= Alex Brown (academic) =

Australian clinician and researcher

Alex Brown is an Australian clinician and researcher and a member of the Yuin nation. He is the Professor of Indigenous Genomics at Telethon Kids Institute and the Australian National University (ANU) and the director of the National Centre of Indigenous Genomics at the ANU.

== Early life and education ==
Brown grew up on the south coast of New South Wales and he has family connections to Nowra, Wreck Bay and Wallaga Lake on the far south coast of NSW.

Brown received his bachelor's degree from University of Newcastle and his Masters of Public Health from Braun School of Public Health and Community Medicine.

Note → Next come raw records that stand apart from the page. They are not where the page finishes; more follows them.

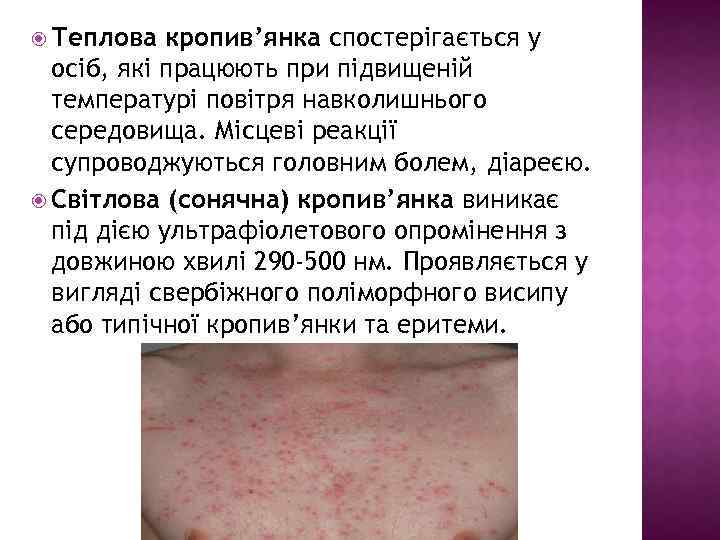  Теплова кропив’янка спостерігається у осіб, які працюють при підвищеній температурі повітря навколишнього середовища.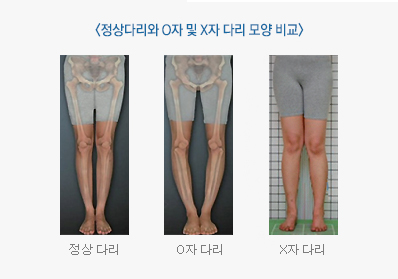 정상다리와 O자 및 X자 다리 모양을 비교한 이미지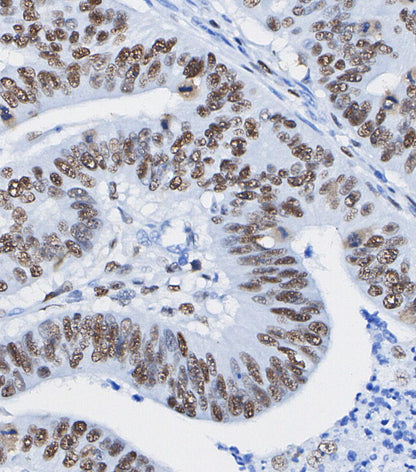 Progesterone Receptor B Antibody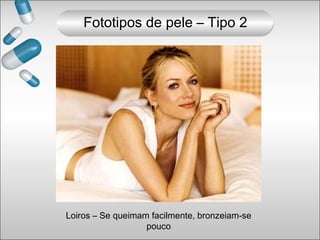 Loiros – Se queimam facilmente, bronzeiam-se
pouco
Fototipos de pele – Tipo 2
 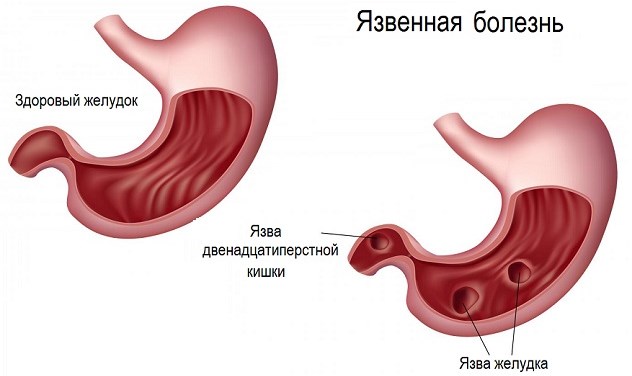 Симптомы язвы желудка на ранней стадии у женщин, мужчин, детей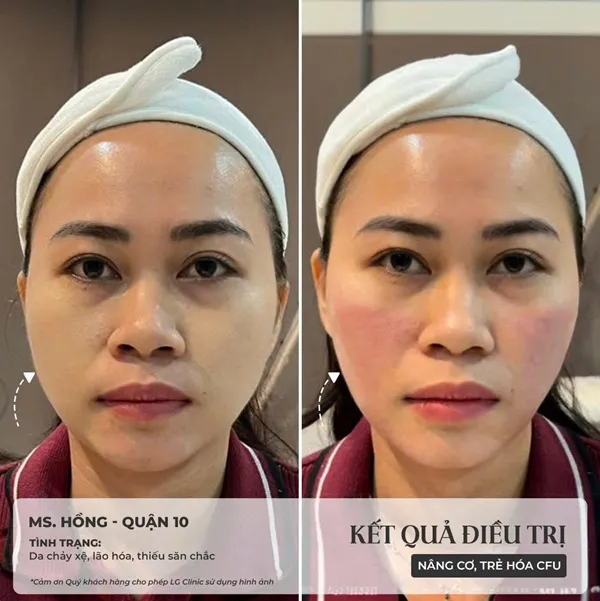 BA điều trị cfu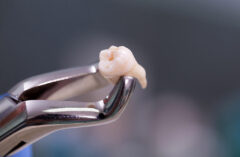 extractii-dentare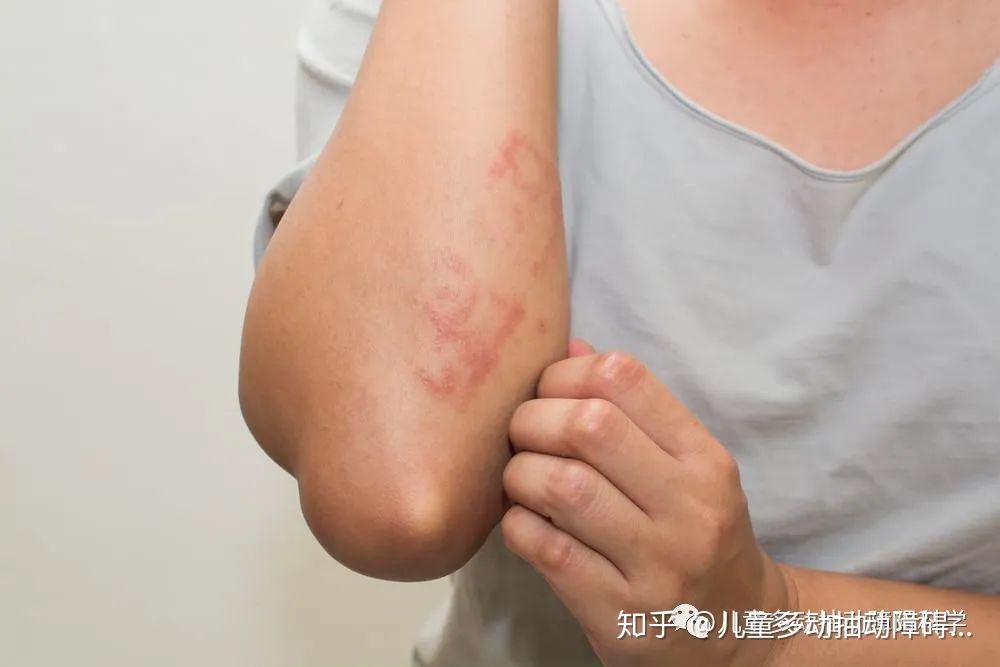 吃鱼油也会过敏多动抽动障碍补充鱼油过敏怎么办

He completed his PhD at University of Queensland, where his thesis focused on the psychosocial determinants of coronary heart disease in Indigenous men.

== Career and research ==
Since 2019 he has been a professor of medicine at the University of Adelaide.

In 2023 he was the first Indigenous scientist appointed to the CSIRO board. In 2023 he also became the director of the National Centre of Indigenous Genomics at the ANU.

Brown also leads the Australian ALliance for Indigenous GeNomics (ALIGN), which focuses on ensuring Indigenous Australians benefit from genomics research.

== Personal life ==
His sister, Ngiare Brown, was one of the first Indigenous medical graduates in Australia. She is also the first female and first Indigenous Chancellor of James Cook University.

== Awards and honors ==

- In 2012 he was awarded the Viertel Senior Medical Research Fellowship.
- In 2010 he was awarded an Honorary Fellowship to the Royal Australasian College of Physicians.
- Brown was elected a Fellow of the Australian Academy of Health and Medical Sciences in 2015
- He was elected a Fellow of the Australian Academy of Technological Sciences and Engineering in 2024.